── RECORDS FOR THIS EXERCISE ──

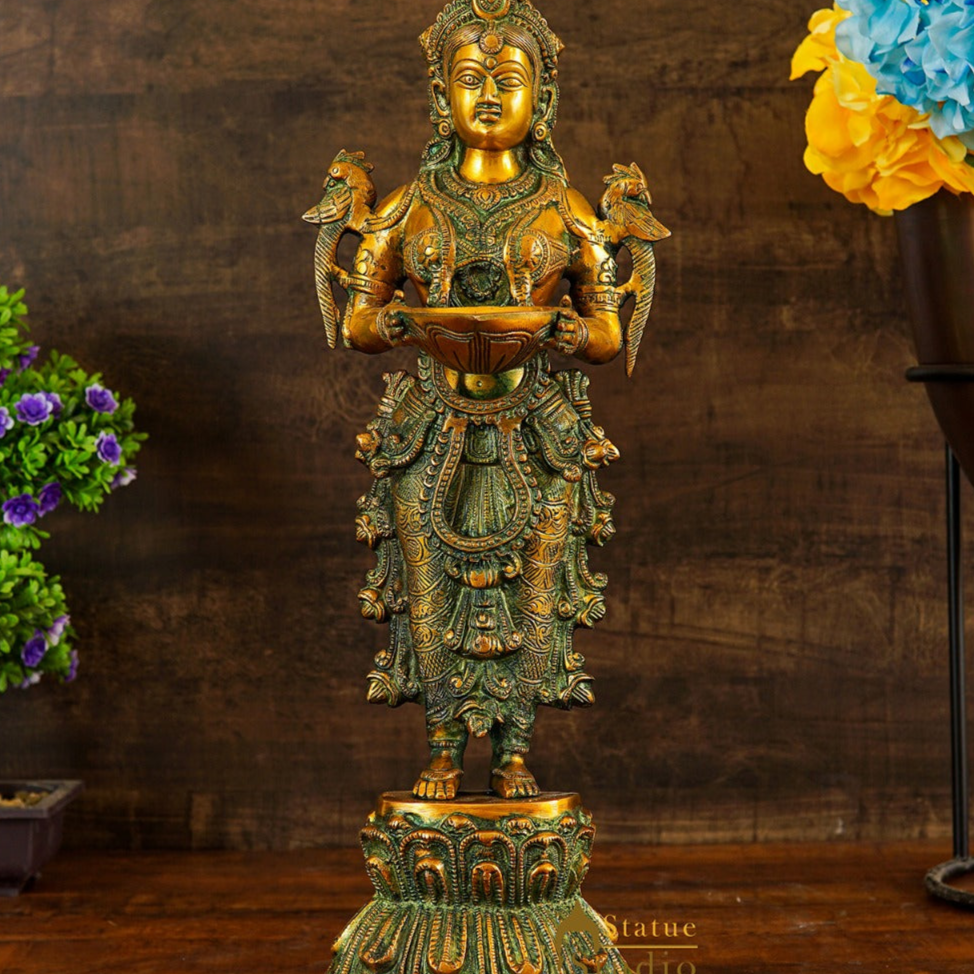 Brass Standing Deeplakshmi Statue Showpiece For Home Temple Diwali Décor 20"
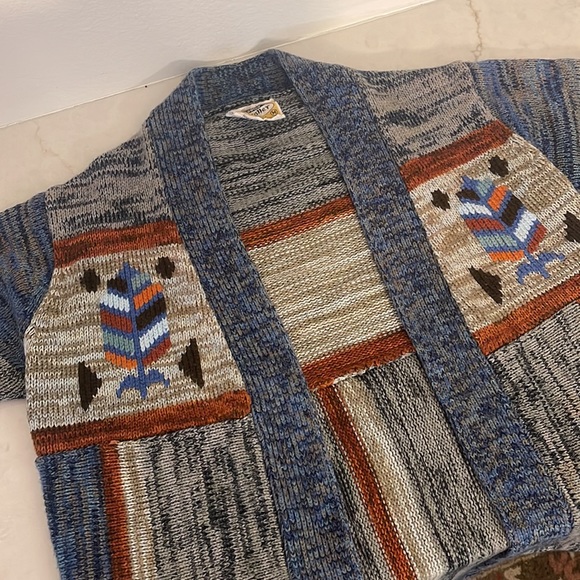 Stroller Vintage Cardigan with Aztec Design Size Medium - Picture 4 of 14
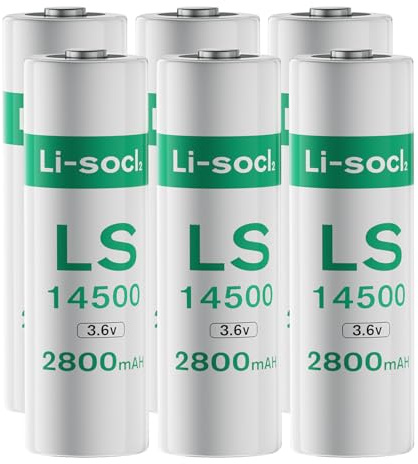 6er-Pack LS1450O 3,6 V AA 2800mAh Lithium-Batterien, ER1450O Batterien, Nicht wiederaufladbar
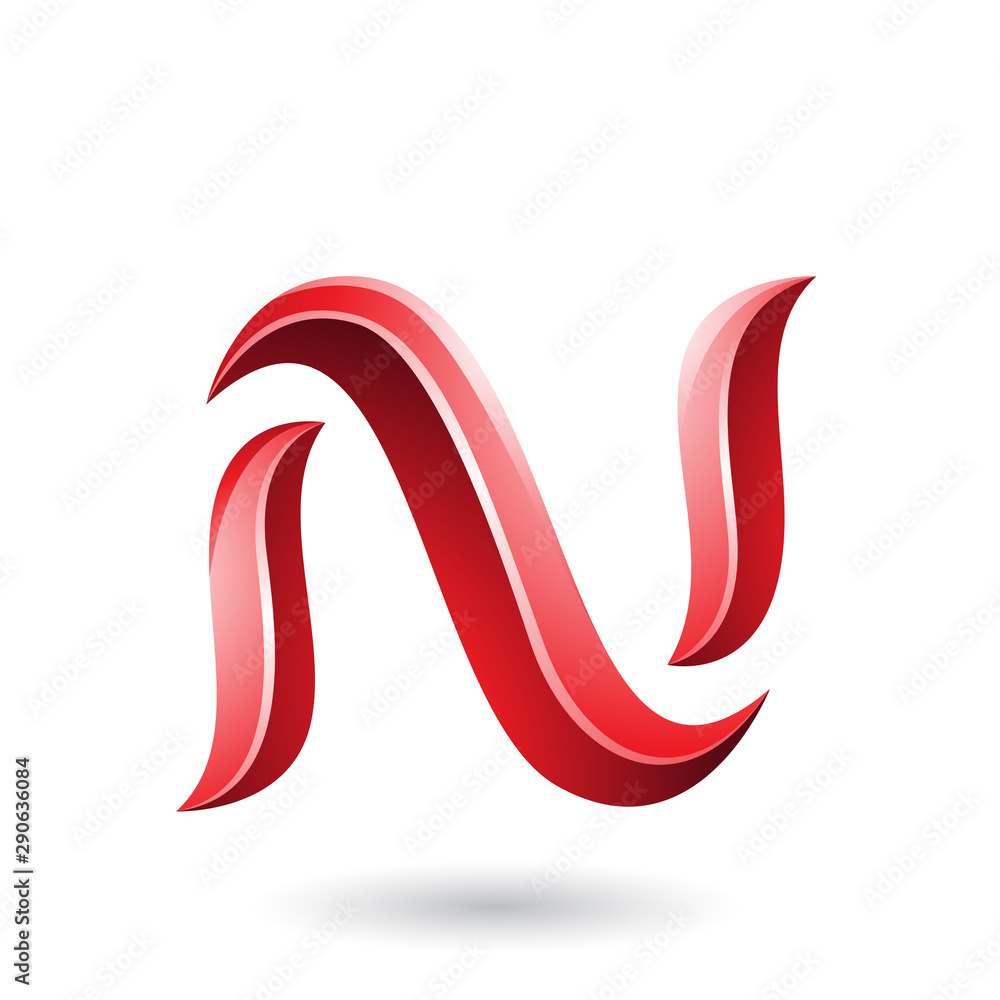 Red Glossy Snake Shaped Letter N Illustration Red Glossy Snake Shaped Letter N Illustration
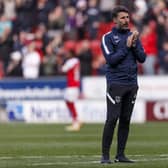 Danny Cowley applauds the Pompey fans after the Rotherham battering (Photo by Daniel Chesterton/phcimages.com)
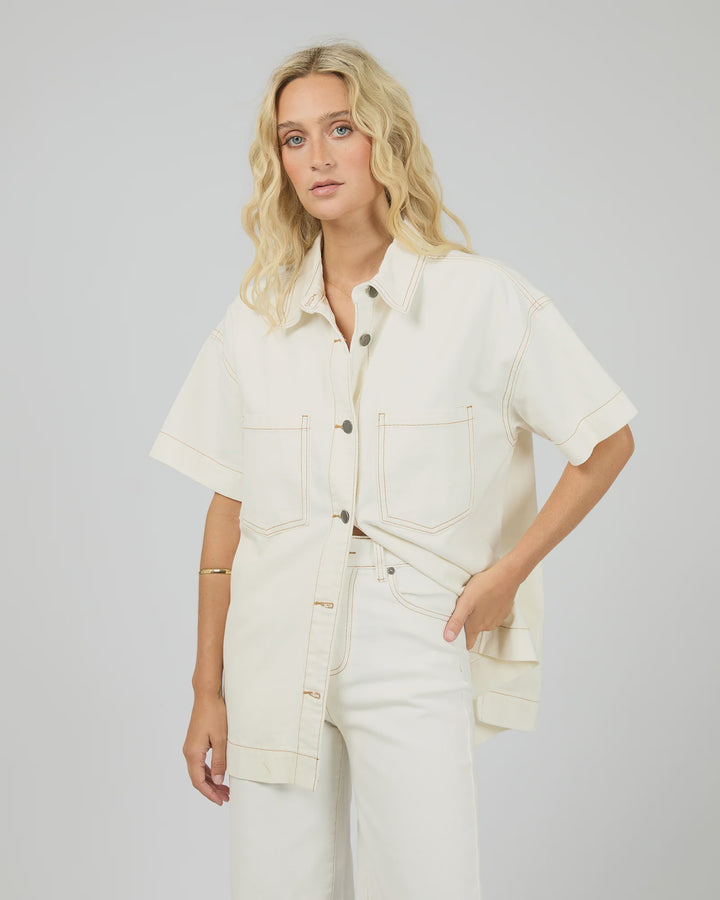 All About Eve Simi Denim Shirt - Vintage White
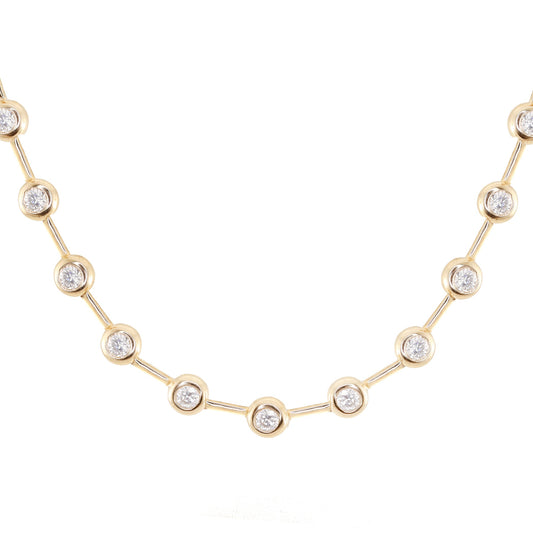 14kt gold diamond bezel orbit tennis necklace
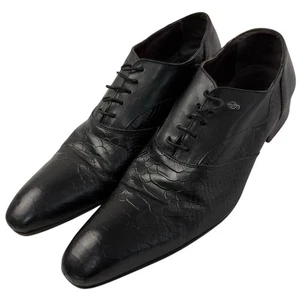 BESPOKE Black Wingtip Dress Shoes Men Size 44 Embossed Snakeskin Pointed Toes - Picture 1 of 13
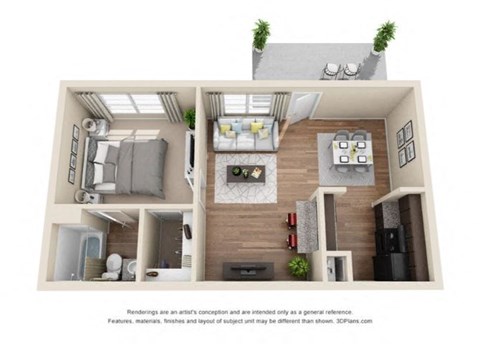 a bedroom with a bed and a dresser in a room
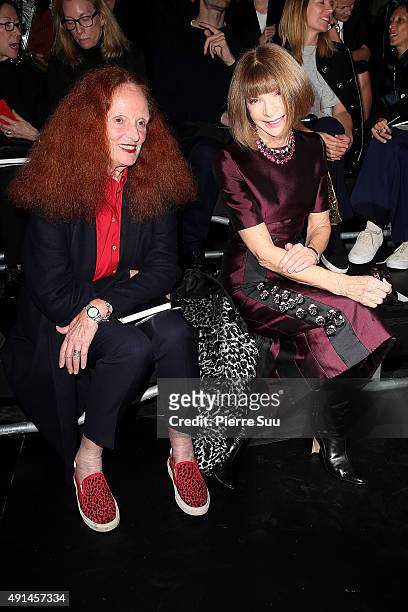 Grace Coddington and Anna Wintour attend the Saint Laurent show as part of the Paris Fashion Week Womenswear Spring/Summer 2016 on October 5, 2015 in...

───

Exactly as written, repeat the lines from the beginning of the entries up to and including the line with "a bedroom with a bed and a dresser in a room", but not the pictures.

== EXERCISE ANSWER ==
 Brass Standing Deeplakshmi Statue Showpiece For Home Temple Diwali Décor 20"
 Stroller Vintage Cardigan with Aztec Design Size Medium - Picture 4 of 14
 6er-Pack LS1450O 3,6 V AA 2800mAh Lithium-Batterien, ER1450O Batterien, Nicht wiederaufladbar
 Red Glossy Snake Shaped Letter N Illustration Red Glossy Snake Shaped Letter N Illustration
 Danny Cowley applauds the Pompey fans after the Rotherham battering (Photo by Daniel Chesterton/phcimages.com)
 All About Eve Simi Denim Shirt - Vintage White
 14kt gold diamond bezel orbit tennis necklace
 BESPOKE Black Wingtip Dress Shoes Men Size 44 Embossed Snakeskin Pointed Toes - Picture 1 of 13
 a bedroom with a bed and a dresser in a room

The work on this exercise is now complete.